Friday not the 13th
I don’t know what it is about last Friday. What I’m sure though was that everyone I spoke to complained only of one thing–turtle-fast traffic!
I shared the same sentiment. It was madness. The streets were jammed. My usual 30-minute ride to work became an hour and a half. Not to mention that a quarter of which was spent waiting for an empty cab.
It was one hot Friday. It wasn’t the 13th though but as I gazed out the cab window, each face wore a kind of gloom. Maybe they’re thinking the same thought I was thinking–I wish I were someplace else but here.

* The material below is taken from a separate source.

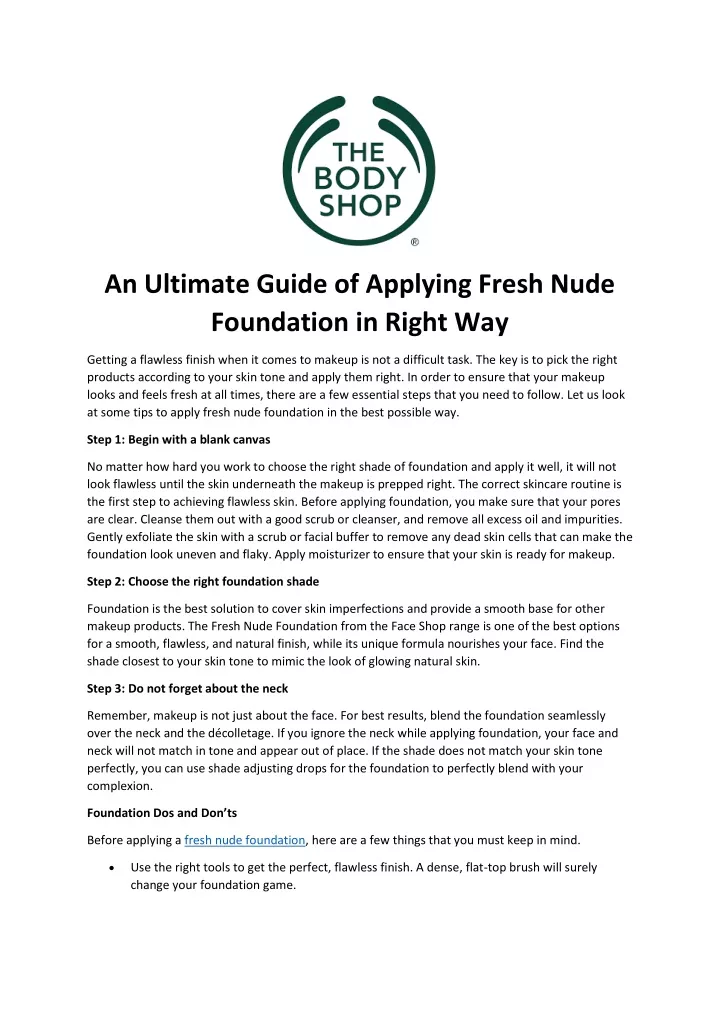 an ultimate guide of applying fresh nude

The only good thing about that day was the paycheck. I’d be compensated for the first half of the month that I toiled. The bad thing (again?), it was almost spent out even before I get it. Life, and all the bills that went with it, is a total sacrifice.
The day went on. I screamed frantically at my computer hoping to beat my deadlines–or I’m dead. And I lived. I even managed a few hearty laughs, a few good bottles of beer and a lot of insights. You see, when I took a cab to finally head home, Manong Cab Driver, to ward off any sleep spell, tried to manage a conversation with me not at all minding if my answers were as dull as grey.
“Where do you work?”
“Somewhere in Ortigas.”
“What do you do?”
“Uhm, I write…”
“Really? That’s wow!”
Wow? I thought to myself. Why wow? Hmm.
“Maybe you can write about my life story. I hope to submit it to Charo Santos, you know, win P10k in the process and help my eldest son finish college.”
And so he went on to tell me how he came from a poor town in Quezon. Left his wife, only to come back with her all cold and lifeless. He has a son who wants to come here to Manila and be the one to drive the cab so he could retire. Of course, Manong Cab Driver has all good intentions. He wants his son to have a good education. He wants him to be a nurse. Nurses these days are the next millionaires, he said. They bring home the dollars.
“And what does your son want?” At last, I asked.
Manong Cab Driver went all silent. Then he said, I think he wants to sing. He can sing, you know. But he’s no Christian or Mark Bautista. Are they siblings? Anyway, he has no future in singing. Nurses have. And he can then take care of me when I’m all callous and old. So, will you write my story?
I blinked. For one moment there, I had the urge to explain that I’m into technical documentation. But that would be like bursting his balloon. He already had shared with me half his life.
“I’ll see. Maybe your story will be my next project.”
Stupid, I forgot to ask his name.
With all due apology to Manong Cab Driver. If only his life is an application program, I could have documented it.